The key to a Columbia worthy staycation


Courtney Bach

Ah, May. The time of year when people get excited for summer plans and are ready to leave school.
For those who don’t have summer plans, though, life has the potential to get boring. That’s why people should know how to have a Columbia style vacation.
One simple, yet fun, activity for teenagers in Columbia is Breakout COMO, 218 N 8th Street. The objective of Breakout is to find clues and solve puzzles in order to get out of the escape rooms they have.
The obstacle: participants only have 60 minutes. Freshman George Matthes has attempted to elude the time constraints.

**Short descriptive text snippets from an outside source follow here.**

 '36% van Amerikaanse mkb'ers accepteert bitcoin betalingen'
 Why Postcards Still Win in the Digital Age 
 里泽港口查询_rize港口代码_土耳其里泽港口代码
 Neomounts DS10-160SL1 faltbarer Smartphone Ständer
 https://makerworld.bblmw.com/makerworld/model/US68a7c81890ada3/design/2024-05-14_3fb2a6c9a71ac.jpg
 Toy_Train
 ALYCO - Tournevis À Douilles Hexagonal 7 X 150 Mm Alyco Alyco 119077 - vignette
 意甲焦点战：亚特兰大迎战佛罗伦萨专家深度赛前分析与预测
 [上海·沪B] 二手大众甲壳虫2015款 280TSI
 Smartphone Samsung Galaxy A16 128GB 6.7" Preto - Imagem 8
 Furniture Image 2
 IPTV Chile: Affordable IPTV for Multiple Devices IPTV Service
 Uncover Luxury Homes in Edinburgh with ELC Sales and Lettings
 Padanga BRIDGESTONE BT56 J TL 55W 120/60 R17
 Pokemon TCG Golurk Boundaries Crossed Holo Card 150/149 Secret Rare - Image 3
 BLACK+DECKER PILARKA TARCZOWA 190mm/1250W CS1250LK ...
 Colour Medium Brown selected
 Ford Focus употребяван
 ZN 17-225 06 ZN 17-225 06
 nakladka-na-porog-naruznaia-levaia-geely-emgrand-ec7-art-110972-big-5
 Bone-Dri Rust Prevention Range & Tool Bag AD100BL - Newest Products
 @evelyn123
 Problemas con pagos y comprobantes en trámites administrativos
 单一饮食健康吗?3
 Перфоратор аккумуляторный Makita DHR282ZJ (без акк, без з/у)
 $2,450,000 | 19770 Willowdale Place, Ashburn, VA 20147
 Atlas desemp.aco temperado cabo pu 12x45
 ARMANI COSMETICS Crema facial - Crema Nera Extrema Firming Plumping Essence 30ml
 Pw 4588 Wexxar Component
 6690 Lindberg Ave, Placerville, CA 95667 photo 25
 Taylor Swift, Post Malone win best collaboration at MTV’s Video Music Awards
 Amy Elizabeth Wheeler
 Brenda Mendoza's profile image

“We didn’t end up escaping, but it was a great experience. There’s a bunch of hidden puzzles everywhere, and you don’t really know what you’re looking for until it becomes clear in the end,” Matthes said. “We were one number away from escaping, but then the timer went off.”
Breakout COMO, typically $25 per person, has multiple rooms, all with different themes and background stories. It’s a fun activity to do with friends that’s easy to access, but not as easy to win, Matthes said. Sadly, not all summer activities are as simple to be a part of.
The reason summer can be hard to plan for some students is because of some events are more expensive and exclusive events than others. Coachella, for example, is everywhere this time of year, and why not? It’s a huge music festival with amazing artists. The bad news is it costs about the down payment on a house, and that’s not counting travel cost. The good news is that Columbia has its own music fest.
To compensate, just get some tickets for the 9th Street Summerfest. The music festival, hosted by the Blue Note, will have live music downtown over the next few months. Some of the featured artists include Dierks Bentley on June 13 and Weird Al Yankovic on July 24. They also host a couple of free shows where the only important thing is to show up early.
Freshman Ellie Carver-Horner pointed out the Blue Note’s sense of community brought about through the music.
“I would recommend going to the Blue Note for live music because it supports a local business and the venue brings in a lot of great musicians that a lot of people haven’t heard of,” Carver-Horner said.
Of course, there’s more to Columbia than just a breakout room and a music fest. When it starts to get tedious, it’s time to check out the Columbia Art League, 207 S 9th Street, a small scale art museum that features local artists.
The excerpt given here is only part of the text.